In summary, our experiments show that the occupancy metric helps the tuning algorithm avoid dramatic changes in hash table size due to "slipping down" to the next group of bounding boxes, which may be much smaller than our experimentation group. By combining an experimentally determined minimum occupancy threshold with occupancy trend, we can abort tuning right at the edge of a reasonably large hash table (giving low bin occupancy and good performance) without falling into an unstable region where the hash table size can increase by orders of magnitude or oscillate wildly across similar occupancy metrics. While this algorithm produces strong results, additional optimizations are possible. We want to solve the optimization problem to maximize hash table size for a given occupancy threshold and pick an occupancy threshold that maximizes query execution time without creating an unreasonable build time. Consider this our first attempt at approximating a solution.
Even though we are looking at additional optimizations to increase parallelism and performance of our overlaps join approach, it already has shown to be of immense benefit for bringing big geo-joins to be interactive or near-interactive performance levels. On a machine, with 2 Nvidia RTX 3090 GPUs, overlaps join increased performance over loop join between 200 to 1,200X on various examples, at the most extreme increasing a join of US tweets to US census block groups from 11.3K lookups per second with loop join to 22.38M lookups per second with overlaps join. Finally, we believe there are additional speedups possible. For example, experiments leveraging space-filling curves to order and hash the data suggest the potential to gain an additional 3-4X in performance by increasing spatial locality and lowering execution divergence during the probe phase of the hash join, so stay tuned for more on this front.
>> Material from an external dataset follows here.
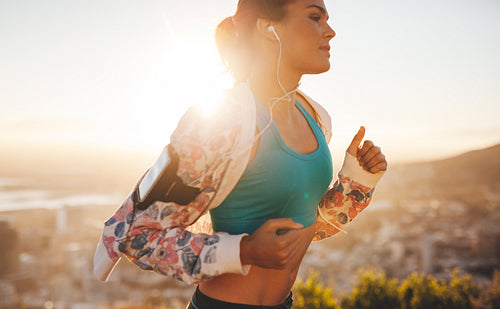 Fitness woman running outdoors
Point in polygon joins are just one example application of the techniques described above. The generic OVERLAPS operator applies to various queries, including spatial and temporal queries (or combinations of the two). In general, two broad applications emerge; queries requiring an algorithm to construct the hash table and queries that dictate the construction of the hash table based on the predicate defining the OVERLAPS relationship in the query. We have implemented distance joins between geospatial points as an example of the latter type; if a user requests all points within N units of each other, we can construct the hash table such that a simple search of neighboring bins is always guaranteed to return the points which might be within N units of each other. While we are in the early stages of productionizing these techniques, the point in polygon join is available in OmniSci as of version 5.6 across all product modalities, including desktop, OmniSci Free, and the Enterprise Edition.